Review Comment:
# Summary
The reviewed paper is a survey on existing approaches for SPARQL query
relaxation, with a focus on the impact of RDF reification. SPARQL
query relaxation addresses the important problem of user queries that
return none or insufficient answers. This is a common problem when
SPARQL queries are composed manually because it is difficult for a
user to have a detailed knowledge of an RDF dataset and its schemas.
Reification is another important problem related to knowledge
representation in RDF, and hence to SPARQL querying. Because no
standard for reification has emerged yet, reification is generally
ignored in solutions to other problems, like query relaxation. The
most original part of the survey is precisely to analyse the impact of
reification when applying query relaxation approaches.

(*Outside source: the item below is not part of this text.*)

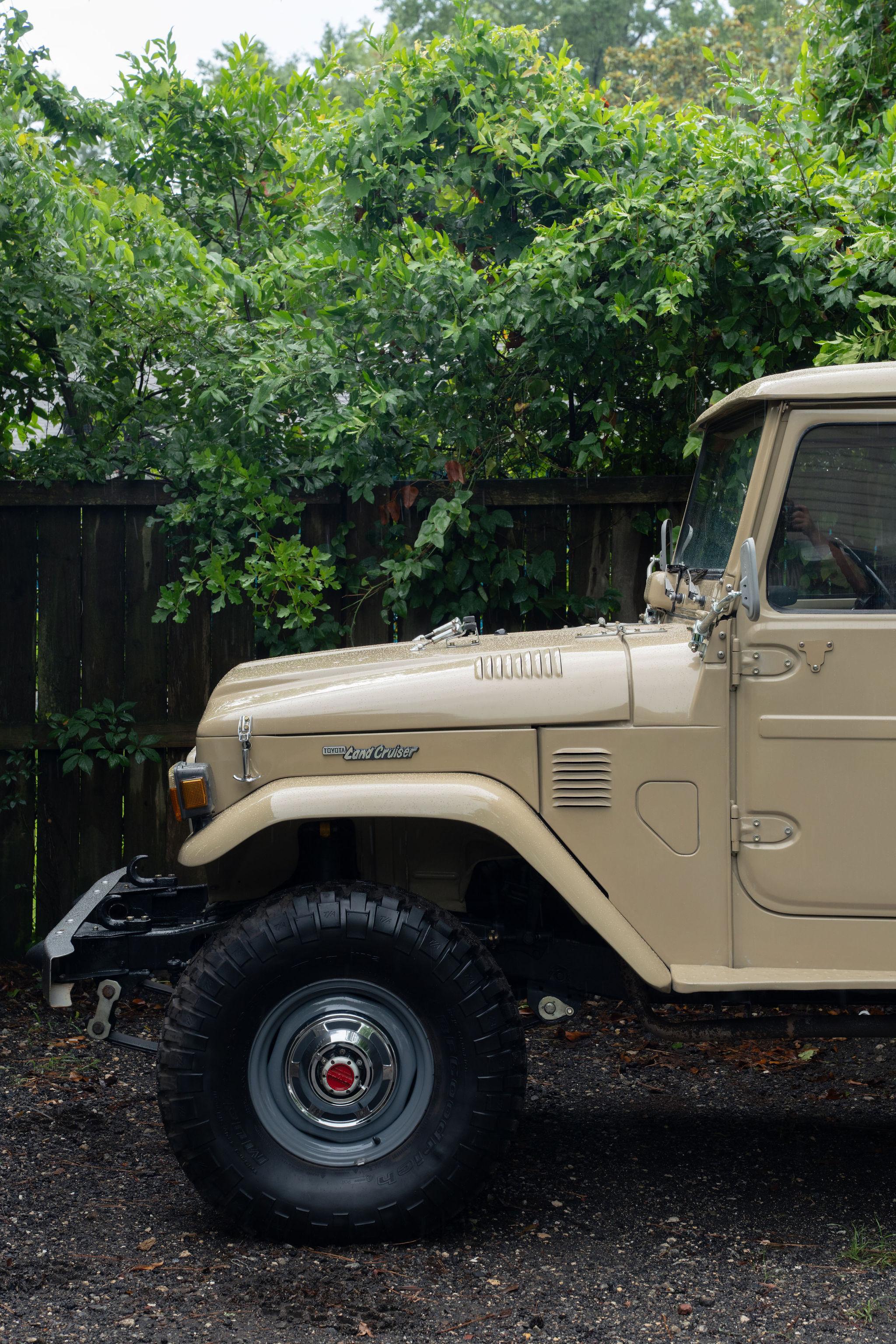 1981 Toyota Land Cruiser FJ45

The survey is structured as follows:
- Section 2: methodology to select the papers covered by the survey, resulting in a selection of 13 approaches in 12 research papers
- Section 3: background that explains the main notions found through the different approaches
- Section 4: decription of the existing approaches in term of the notions explained in Section 3
- Section 5: multi-faceted comparison of existing approaches
- Section 6: focus on RDF reification, presenting the different reification models, comparing them, and finally analyzing their impact on query relaxation approaches
- Section 7: a short section on challenges and open issues related to reification
# (1) Suitability as introductory text, targeted at researchers, PhD students, or practitioners, to get started on the covered topic.

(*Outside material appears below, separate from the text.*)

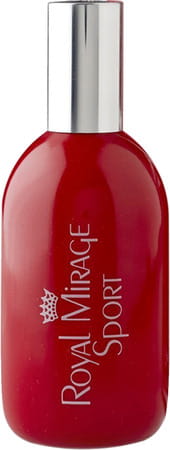 Royal Mirage Sport Long Lasting Imported Eau De Cologne Spary 120ml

The paper does a good job at explaining the key notions involved in
query relaxation. It should be accessible to anyone with a basic
knowledge of RDF, RDFS, and SPARQL.
It provides a unique resource to get a global and up-to-date overview
on SPARQL query relaxations approaches, along with their relative
strengths and weaknesses.
# (2) How comprehensive and how balanced is the presentation and coverage.

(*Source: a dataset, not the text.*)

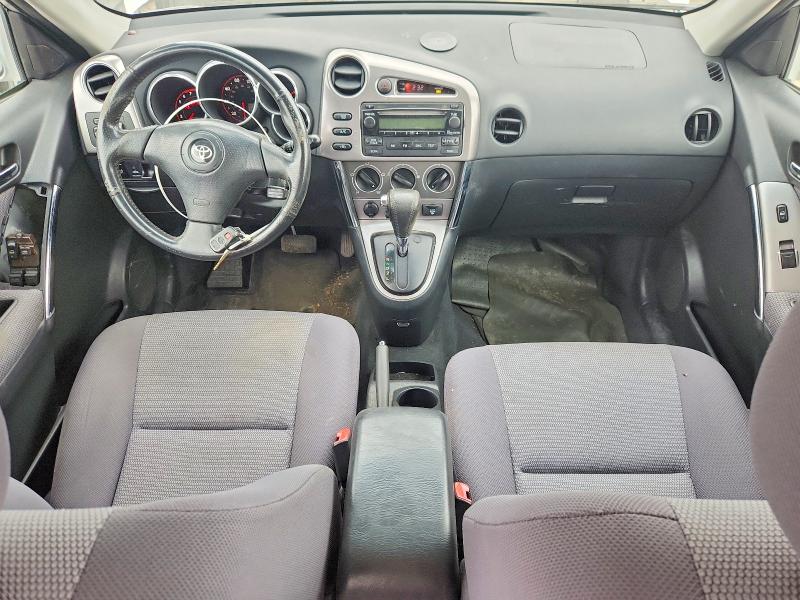Photo 8 from auction – 2005 TOYOTA MATRIX with VIN 2T1LR30E75C376787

To the best of my knowledge, the set of presented approaches is
comprehensive, and those approaches are presented and compared in a
fair and accurate way.
In particular, two main categories of approaches are included, those
based on ontologies and entailment rules, and those based on
similarity of instances. It could have been tempting to consider only
the former, and considering the two makes the survey much more
interesting and valuable.
The survey is also comprehensive on the reification models, including
the most recent one, RDF-star. Although it is not yet a W3C
recommendation, it is the most promising method and its adoption is
rising fast.
# (3) Readability and clarity of the presentation.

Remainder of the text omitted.